Handling Data with Many Labels Using Neural Networks

As time and space complexities grow linearly as the label size increases, it is inefficient to train models in its original label space. We consider adopting AttentionXML [YZW+19] to address the issue by training models with a reduced space of labels.

Usage

It is recommended to run AttentionXML through a configuration file. For example, to test AttentionXML on Wiki10-31K, run the following code:

$ python main.py -c example_config/Wiki10-31K/attentionxml.yml

Training Process

Roughly speaking, training AttentionXML takes two steps. First, a model (model 0) is trained to predict clusters (rather than labels). Then, another model (model 1) is trained to predict labels. Both models involve a BiLSTM layer with label-wise attention.

One significant distinction between AttentionXML and one-vs-all algorithms is that in training model 1, AttentionXML only updates weights related to only a subset of the original label space (in the attention layer) during backpropagation, thereby increasing training speed.

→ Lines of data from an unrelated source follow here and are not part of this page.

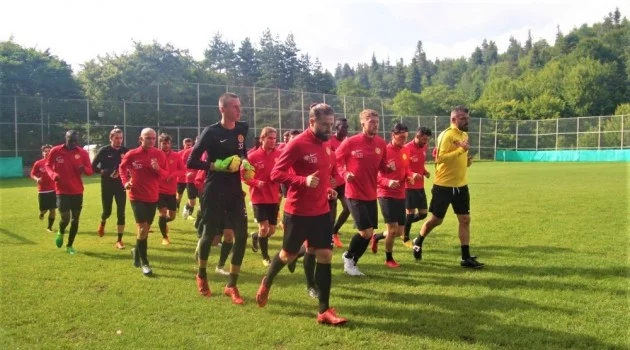 Eskişehirspor’un Bolu kampı devam ediyor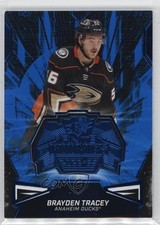 2022-23 SPx Finite Rookies Platinum /99 Brayden Tracey #F-21 0b3
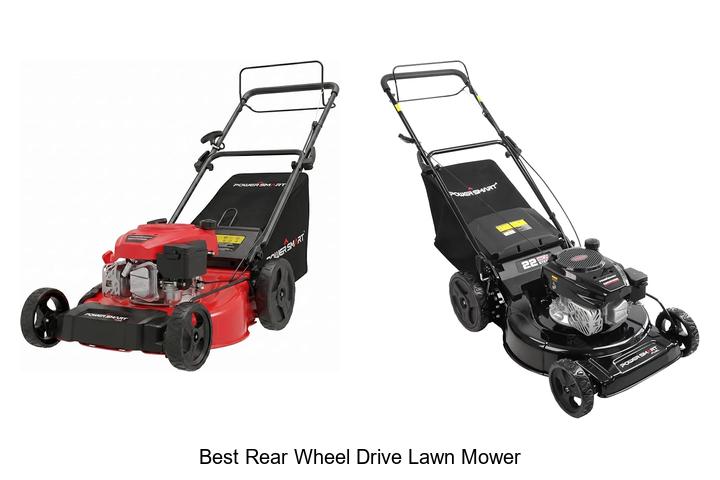 Top 10 Best Rear Wheel Drive Lawn Mower You Must Own!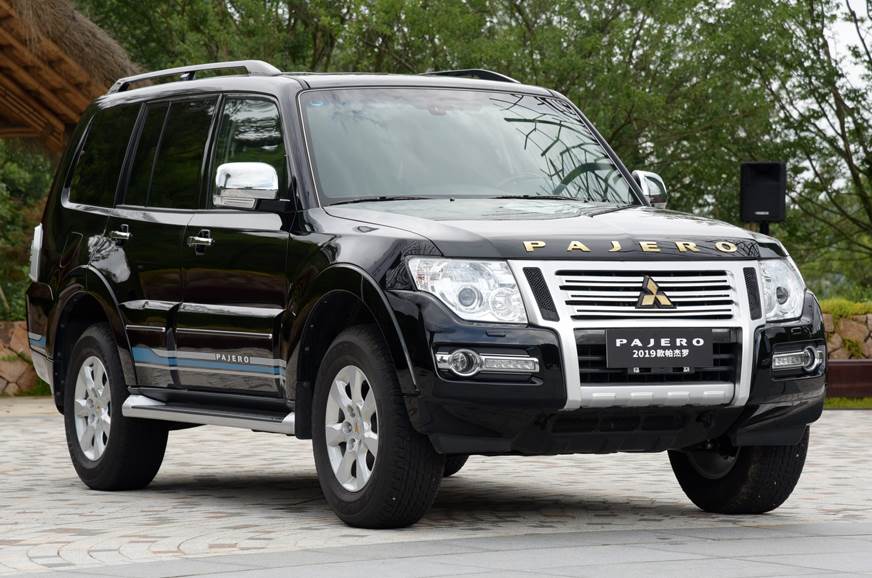 Another facelift for Mitsubishi’s Montero (Pajero)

../_images/AttentionXML_training.png

Hyperparameters

There are 2 extra hyperparameters for AttentionXML that users need to know:

  • cluster_size: The maximal number of labels in a cluster.

  • beam_width: The process of selecting predicted clusters from model 0 is called beam search. Beam width indicates the number of clusters that will be selected.

Performance

We compared the performance between BiLSTM and AttentionXML as they have similar architectures. The dataset, Wiki10-31K, has 30,938 classes, which makes it hard for models to train in a one-vs-all manner.

Both models were trained on an A100 Nvidia GPU. Their test results are shown below. Notice the difference between their running time.

Performance

P@1

P@3

P@5

Time (min)

BiLSTM

84.48

75.91

66.88

87.1

AttentionXML

87.44

77.70

67.85

29.9